I. Finales
Dos entrevistas puntúan –una de ellas inaugura y la otra, lejos de cerrar, relanza– mi relación con Marcelo Cohen: relación de admiración, de atenta sorpresa, de gratitud. Tengo muy presente aquella segunda conversación. Fue en 2013. Las huestes de la revista El ansia, dirigidas por el escritor José María Brindisi, asediaban entonces cariñosamente al creador del territorio ficcional del Delta Panorámico.1 Aquel acecho colectivo era y es la política de la revista, que el editor, en su artículo de presentación para el primer número, enunciaba en estos términos:
Seguirlos, pensé, rodearlos, meternos en sus vidas no para revelar sus enigmas sino para ser partícipes de su silencio.
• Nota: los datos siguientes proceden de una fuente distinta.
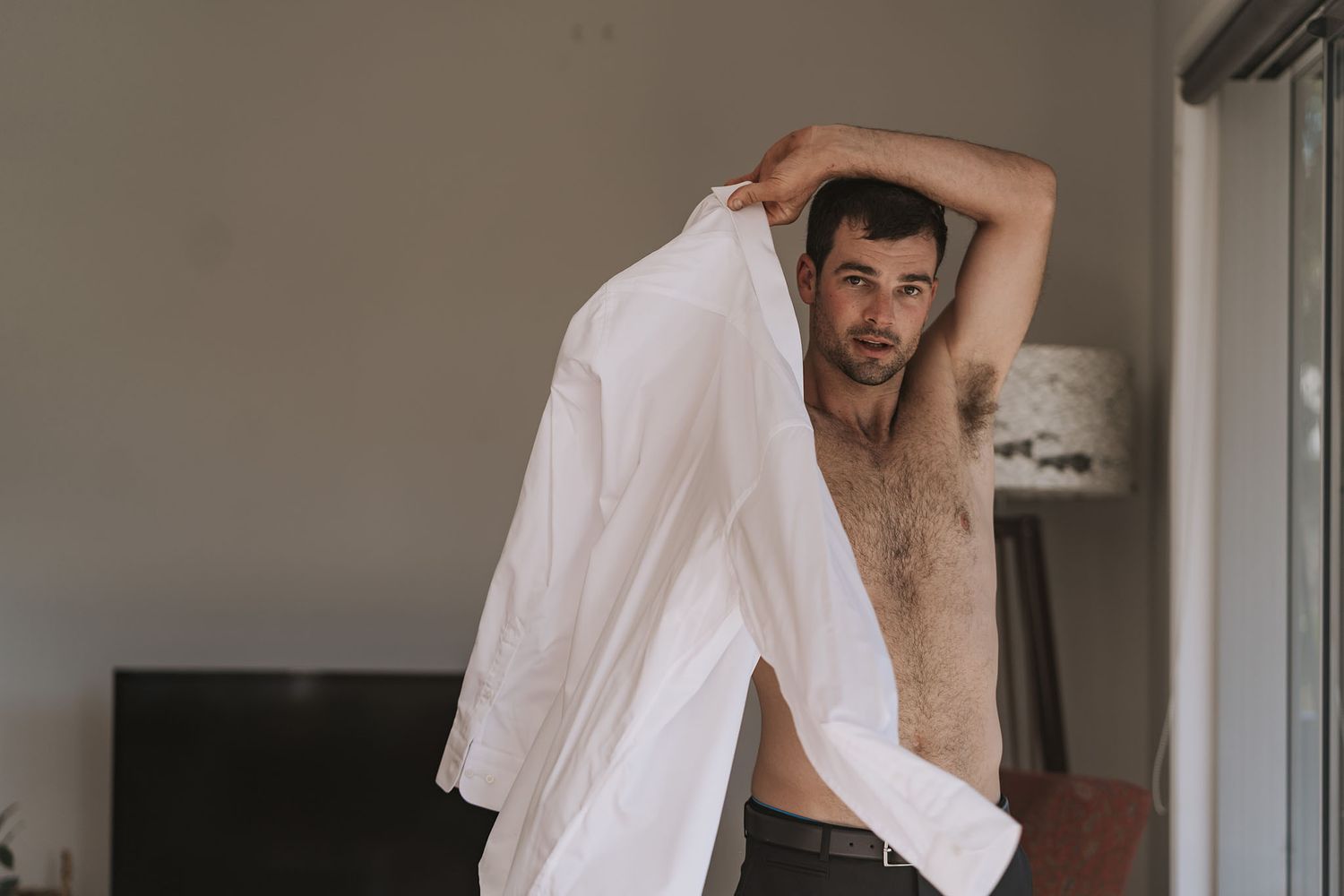Person with tousled hair wearing a white shirt stretches and moves expressively in an interior space.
Hacerlos hablar para que nunca den en el clavo, chocarnos con esa imposibilidad. Hay un núcleo, pensé, un núcleo al que nunca vamos a acceder, y que tal vez ellos mismos, los escritores, desconozcan, o les esté vedado traducir en palabras. […] Para que ese retrato tomara cuerpo debían ser unos pocos autores por número, y tres nos parecieron suficientes. Tres autores por año, tres escritores con los que pudiésemos juntarnos a conversar, comer, beber, y a partir de allí, de escucharlos, ver cómo se iba tramando una red que debía situarlos en el centro. La primera elección para este número inaugural recayó en Marcelo Cohen.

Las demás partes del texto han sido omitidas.